Mike Seaton January 23, 2025 at 3:52 PM
If there was a standard place for all implementation config files to live relative to the index.htm file, then we could just say that anything within that page should not be cached, but AFAIK they are allowed to be anywhere one wants.
The terminology involved regardless is confusing. Because everything we are talking about here is cached. It’s just that these cached files are either re-validated and re-downloaded if they have changed, or never re-downloaded or re-checked for 6 months. If that re-validation is cheap, then we should just do this for everything.
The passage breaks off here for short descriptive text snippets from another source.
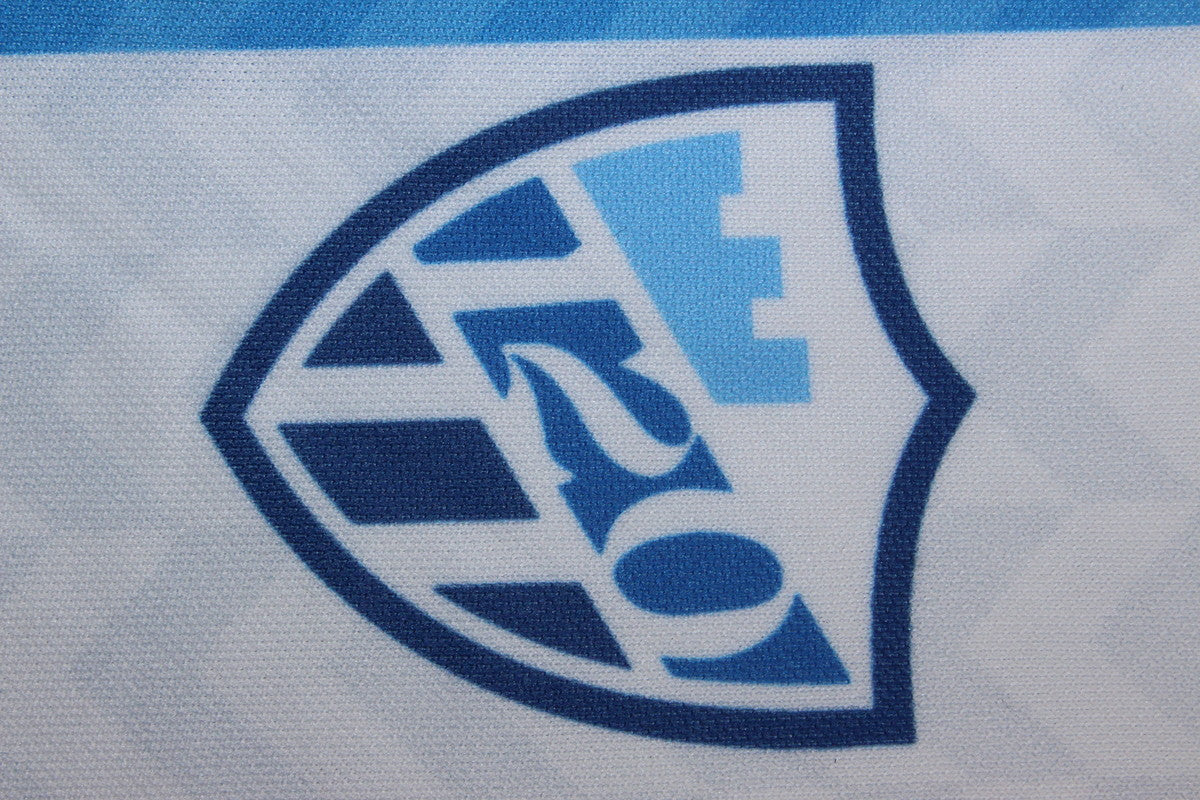 Camisa Málaga Home 88/89 - Versão Retrô Nº 7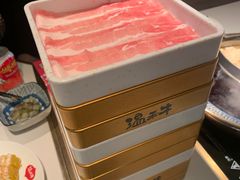 -温禾牛·和牛寿喜烧自助火锅(恒基名人店)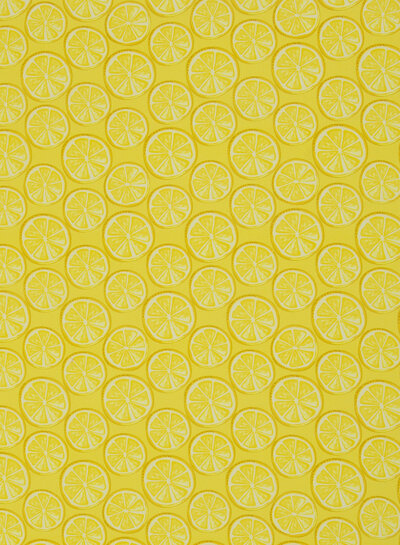 Swafing lemons cotton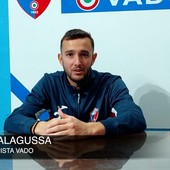 Calcio, Vado. I rossoblu inciampano sull'Albenga. Valagussa: &quot;Abbiamo fatto la nostra gara, ma il tempo stringe...&quot; (VIDEO)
Ian Bacher January 23, 2025 at 3:24 PM
There’s no harm in experimenting. We just need to be sure that it works as expected. The one caveat I have is that we do need a rule for service-worker.js that ensure that it is never cached. This is because service workers are handled differently from basically every other file out there (service workers are effectively persistent background tasks running in the browser, which leads to some differences in how they’re handled; we had issues in the past with allowing browsers to cache the service worker JS and then the service worker being effectively unupdatable unless you go into the developer tooling and manually reset them).
The core idea of the current setup is that there are certain files that can be safely cached (most of them, because most of the files we access are version specific) and certain files that should never be cached, e.g., the importmap, routes registry, and the index.html, basically because these are the files that are locators for everything else, so they always need to be updated.
Config files don’t really fit in that scheme because they aren’t inherently version specific and we don’t necessarily know what the URL requested for them will be.

Mark Goodrich January 23, 2025 at 3:08 PM
Thanks for tracking this down!
So it sound like “Cache-Control: no-cache, must-revalidate
" actually caches all files, but revalidates that the file hasn’t changed at every request? If this is a relatively low-cost operation, yeah, that definitely seems the way to go.
This seems like a priority to fix, looping in as well.

Mike Seaton January 23, 2025 at 1:53 PM
This can clearly be seen on dev3 as well. Notice the difference in the loading importmap.json
from the config-core_demo.json
.
If you were to make a change to config-core_demo.json
and deploy that change to dev3, and refresh your browser normally, you will not see that change. You would only see it if you do a hard-refresh to force reloading everything.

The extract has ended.